Stored items:
-- Opening Marker --
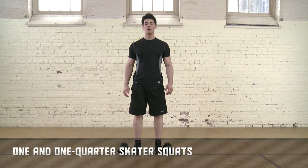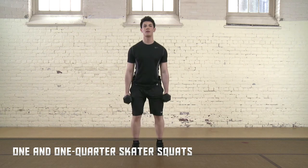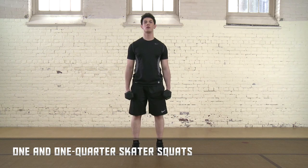One and one-quarter skater squats. This drill requires two dumbbells or a bar with weights. You will need at least the equivalent of your body weight. Hold a bar across your shoulders or a dumbbell in each hand.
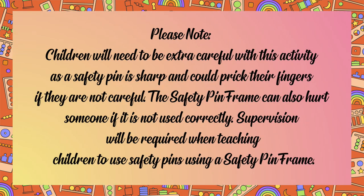Please note, children will need to be extra careful with this activity, as a safety pin is sharp and could prick their fingers if they are not careful. The safety pin frame can also hurt someone if it is not used correctly. Supervision will be required when teaching children to use safety pins using a safety pin frame.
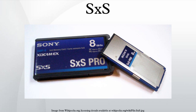SXS-PRO Plus is a faster version of SXS designed for the recording of 4K resolution video. SXS-PRO Plus has a guaranteed minimum recording speed of 1.3 Gbit/s and an interface with a theoretical maximum speed of 8 Gbit/s. SXS-PRO Plus media cards are used on two Sony Ultra cameras, which are the Sony PMW-F55 and Sony PMW-F5.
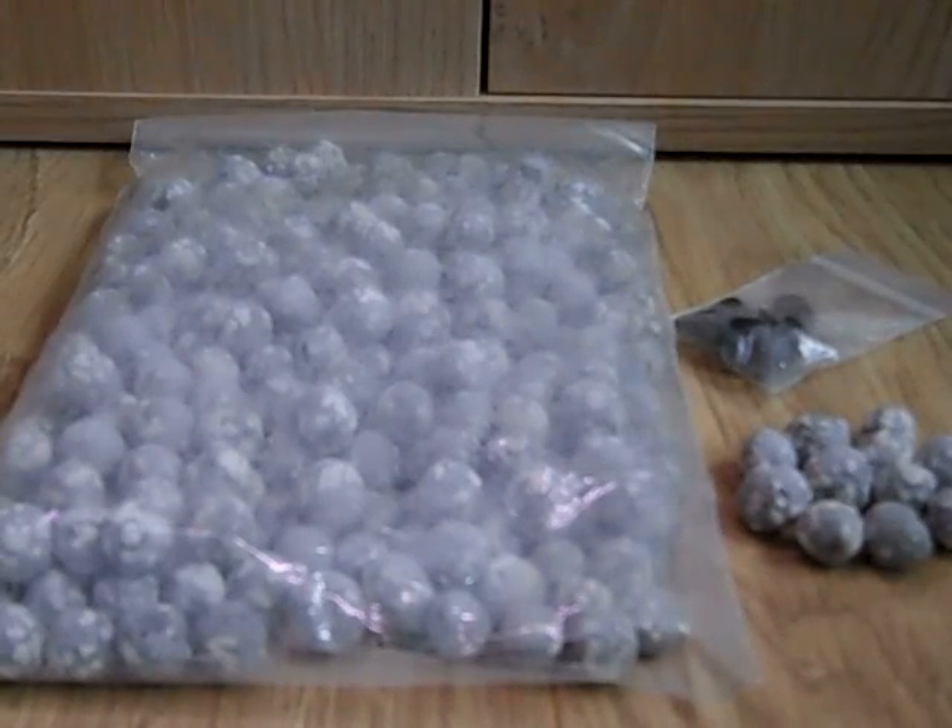Hey everyone this is Ross and today I received a type of biological filter media known as Biomotion. I got this off a guy with a username Ponguru, so if you'd like to check out his YouTube channel just click the link on the screen — he makes some very helpful videos.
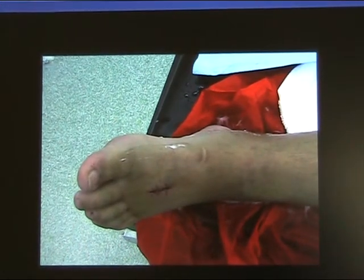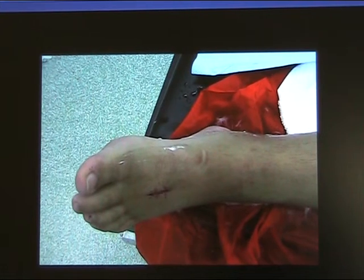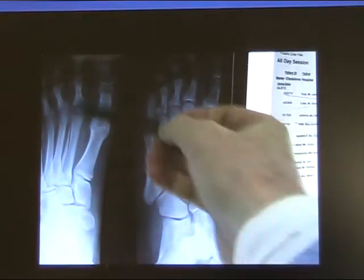Management of open fracture of the foot. Remember what we said about open fractures: breathe the soft tissue, breathe the bone, reduce the bone. Leave the wound open until all worries about infection have passed.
-- Closing Marker --
Using the records above, copy exactly and only the lines from the line with "Hey everyone this" through the end, both included; leave every picture out.

**EXERCISE SOLUTION:**
Hey everyone this is Ross and today I received a type of biological filter media known as Biomotion. I got this off a guy with a username Ponguru, so if you'd like to check out his YouTube channel just click the link on the screen — he makes some very helpful videos.
Management of open fracture of the foot. Remember what we said about open fractures: breathe the soft tissue, breathe the bone, reduce the bone. Leave the wound open until all worries about infection have passed.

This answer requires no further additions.